Евгений Александрович много чему нас учил. Урок посвятил чтению Стенографического отчета печально знаменитой сессии ВАСХНИЛ 1948 года, разгромившей в Советском Союзе генетику. Читал, комментировал, объяснял. С восхищением рассказывал об И. А. Рапопорте, замечательном ученом (обнаружил химический мутагенез – открытие нобелевского уровня) и храбром человеке, буквально прорвавшемся на трибуну и выступившем с жесткой антилысенковской речью. (Речь была встречена «редкими аплодисментами», как написано в Отчете; кажется, единственный случай на этом мероприятии, когда антилысенковское выступление было встречено аплодисментами). Это тогда я услышал от Е.А., как кричали с мест В. С. Немчинову, ректору Тимирязевской академии, пытавшемуся хоть что-то спасти: «Все это краски и статистика», и с тех пор твердо знаю, что без статистики в экологии никак нельзя. А Стенографический отчет время от времени перечитываю, чтобы не забывать историю; благо он теперь у меня свой, подаренный моим другом Алексеем Симоновичем Кондрашовым.

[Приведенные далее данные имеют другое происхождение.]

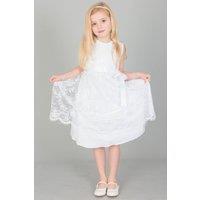 UK Flower Girl Boutique Fleur Lace Occasion Dress in White | Size: 18-24 m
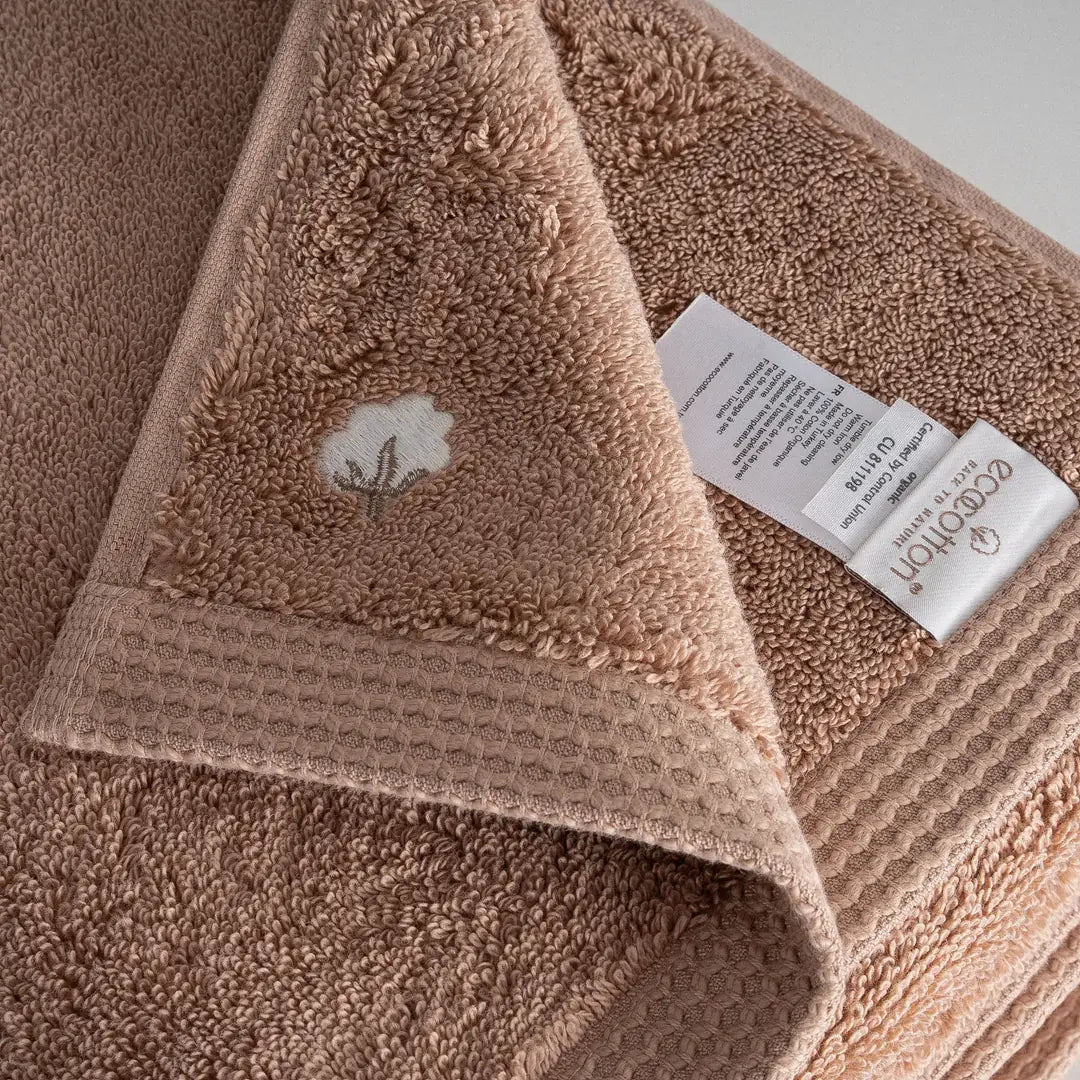 Pure Cotton 2 li Banyo Havlusu Seti Organik Pamuk Kelebek Bordürlü Kahve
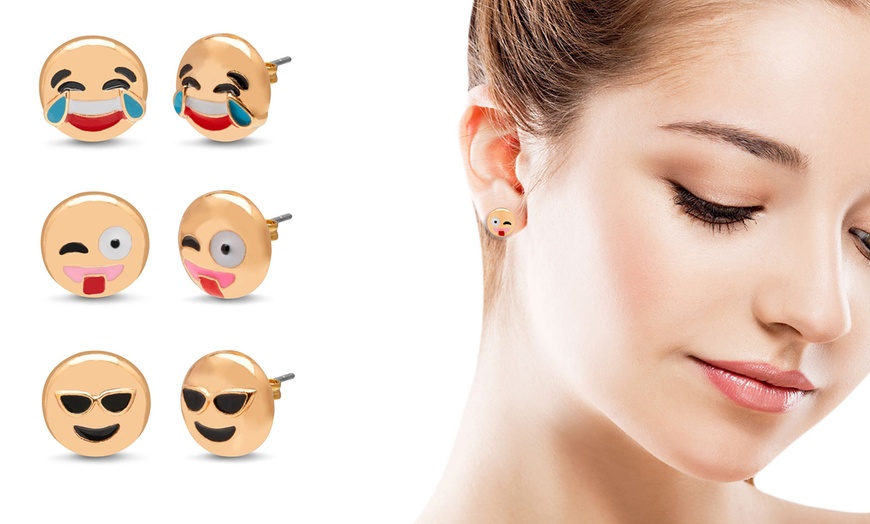 Image 5: OMG Jewel emoji Earrings Set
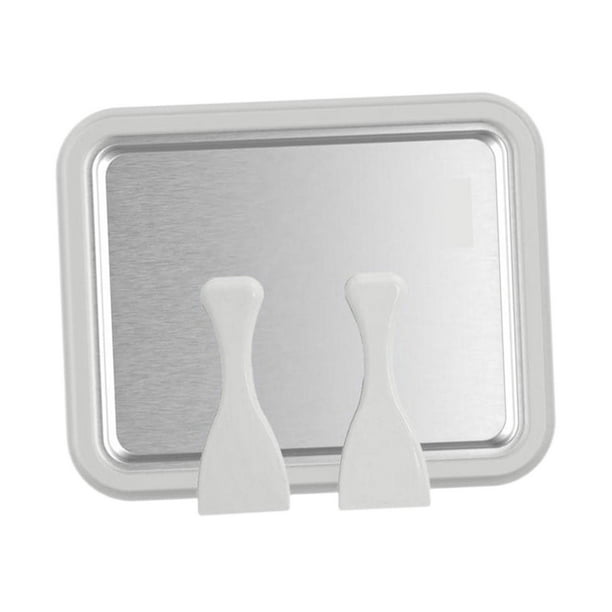 Máquina para hacer helados instantáneos, bandeja de hielo frito de aleación de aluminio, portátil, para hacer yogur frito blanco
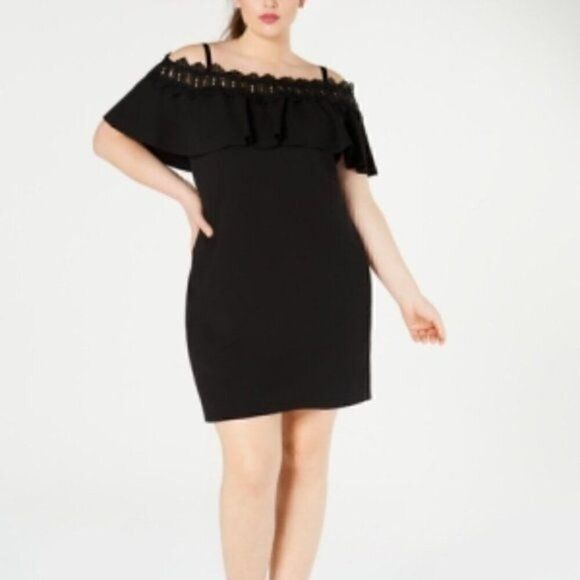 BCX Lace-Trim Off-the-Shoulder Dress Sz 3X - Picture 6 of 11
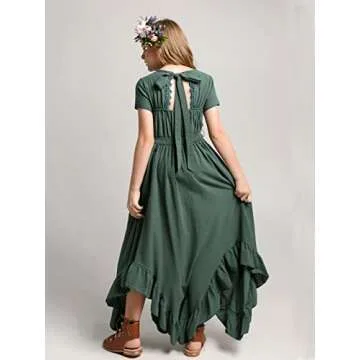 Girls Flower Girl Backless Long Boho Maxi Dress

Еще были осенние, зимние и весенние экскурсии за город. По правде говоря, я, не будучи по складу натуралистом, не всегда принимал в них участие; предпочитал поехать на воскресенье к дяде, провести день в семье и немного подкормиться. (Конечно, мы не голодали в интернате, но две громадных кастрюли хлебных обрезков, которые каждый день оставляли в столовой после окончания рабочего дня, уже к 9 часам были обычно пустыми). А однажды Евгений Александрович привел нас к известному коллекционеру, собирателю старинных зоологических книг и рисунков (петербуржцы наверняка помнят его имя, а я забыл). Мы набились в квартиру этого пожилого почтенного человека большой компанией, человек 10, разглядывали эти бесценные книги, слушали рассказы его и Е.А. и, боюсь, сильно смахивали на дикарей, пришедших на экскурсию в Британский музей.
Я был не самым типичным учеником Е.А., ему пришлось со мной повозиться, особенно в начале. Он быстро убедился, что мне неинтересно заниматься систематикой, делать зоологические рисунки и обрабатывать бентосные пробы, которые мы собирали в летних и зимних экспедициях. Сначала отправил меня в школьный кружок на кафедру биохимии ЛГУ заниматься хроматографией. Ходить в университет было приятно, мне даже выписали пропуск, временный, конечно. Но хроматография оказалась скучнейшей наукой, даже не наукой, а собранием каких-то рутинных процедур. Я честно сказал Е.А., что биохимия, по крайней мере, в образе хроматографии, мне неинтересна. Е.А. возражать не стал, продолжал думать и искать. И, наконец, нашел: предложил мне и моему другу Генке Лёвину, который учился в химической половине нашего химико-биологического 9 «д» класса, заняться калорийностью мидий и маком. И это дело у нас пошло, до сих пор с удовольствием вспоминаю, как мы сидели с Генкой в задней комнате нашей юннатской («предбаннике») и проводили «мокрое сжигание». Генка больше отвечал за химию, а я за экологию и статистическую обработку, в меру своего понимания того и другого. Экологией и статистикой продолжаю заниматься до сих пор.
Есть такая расхожая фраза, что учитель растворяется в своих учениках. Хочу надеяться, что малая часть Евгения Александровича растворилась и во мне. Постараюсь соответствовать, дорогой Евгений Александрович.